A psicóloga afirma que, contudo, só o trabalho contínuo de observação para detectar alunos ou funcionários com problemas pontuais e transtornos mentais é capaz de evitar que a violência passe dos portões. “O Valorização da Vida está nas escolas desde 2018 e a gente trabalha a prevenção com as salas de aula, com as turmas todas, sempre trabalhando o emocional. Para os estudantes, mostrando como nomear os sentimentos e que nem sempre estamos em dias bons. A infância não é ensinada que tem dias que estamos tristes. Mostramos também que numa turma, um ajuda o outro”.
Para Luciene, o mês de tensão após o massacre de crianças em Blumenau, servirá de lição, sobre a necessidade de não ignorar a saúde mental. “A gente pode usar a dor ao nosso favor. Não queremos isso na nossa escola, cidade e vamos superar tudo isso”.
O Valorização da Vida conta com 14 psicólogos distribuídos pelas sete regiões urbanas de Campo Grande. Eles trabalham capacitando servidores de forma constante para que adquiram competências socioemocionais, na mediação de conflitos (sejam eles entre os alunos, estudantes e professores ou entre as crianças e as famílias), fazendo o acolhimento de problemas detectados nas escolas, atendimentos psicológicos breves e encaminhamentos para os Caps (Centros de Atenção Psicossocial).
Retomada – A psicanalista e doutora em Educação, Ilana Katz, que integra a Rede Nacional de Pesquisas em Saúde Mental de Crianças e Adolescentes, afirma que é preciso que estudantes tomem seus lugares nas escolas – neste dia 20, 40% dos matriculados na Rede Estadual de Ensino faltaram às aulas. Para ela, está na hora dos pais, que optaram por deixar crianças e adolescentes em casa nos últimos dias, permitam que elas retomem a rotina.
“Eu fico me perguntando que tamanho de buraco a gente foi parar como sociedade em que resta como alternativa de segurança nas nossas cabeças que a escola precisa ser desocupada.
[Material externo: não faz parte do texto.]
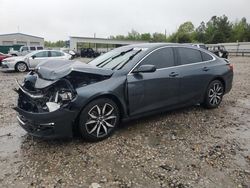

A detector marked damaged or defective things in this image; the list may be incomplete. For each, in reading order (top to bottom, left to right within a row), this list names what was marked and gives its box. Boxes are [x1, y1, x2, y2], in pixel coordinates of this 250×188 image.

crumpled hood [34, 59, 114, 80]
front end crash damage [14, 60, 113, 138]
damaged front bumper [14, 106, 77, 138]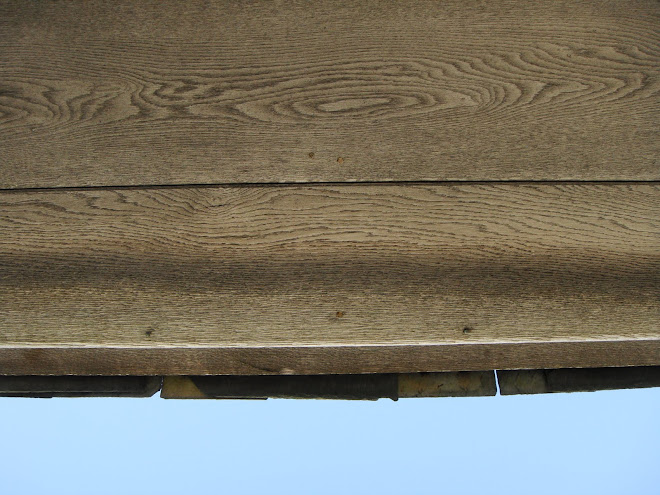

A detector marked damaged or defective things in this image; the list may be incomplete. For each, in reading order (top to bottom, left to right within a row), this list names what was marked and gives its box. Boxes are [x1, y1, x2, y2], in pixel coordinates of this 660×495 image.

Que o certo é não ir para a escola, o lugar mais importante de transformação social que a gente tem, onde vamos construir a possibilidade de viver com os outros”, disse em entrevista ao Estadão na semana passada.
llana, que pesquisa a infância no Instituto de Psicologia da Universidade de São Paulo (USP), destaca a importância da escola justamente para a construção de uma sociedade mais segura e pacífica. “Essas ameaças nos fazem sentir fragilizados e mostram que já estamos atrasados em discutir o enfrentamento das causas que produzem a violência na sociedade civil”.
Ela, como muitos outros educadores, defende que as escolas brasileiras precisam efetivamente colocar a cultura de paz como parte do currículo escolar.
Medidas – Tanto a Sejusp (Secretaria de Estado de Segurança) quanto a Sesdes (Secretaria Especial de Segurança e Defesa Social) de Campo Grande informaram que as medidas anunciadas este mês para a escolas públicas serão mantidas.
A secretaria estadual promete que o programa “Escola Segura, Família Forte”, criado em 2017 e que conta com ronda escolar, continuará reforçado.
O NISE (Núcleo de Inteligência de Segurança Escolar), que funciona no COSI (Centro de Operações de Segurança Integrado), é responsável pelo videomonitoramento de 245 escolas da rede estadual – que tem 348 unidades em Mato Grosso do Sul, com mais de 185 mil alunos. A previsão é que este monitoramento chegue a 298 escolas até o fim deste mês.
Já a secretaria municipal garantiu que as rondas escolares, feitas pela Guarda Civil Metropolitana, serão mantidas, assim como o projeto de instalação de “botões do pânico” – canais diretos de comunicação entre diretores e a GCM – nos colégios será tocado.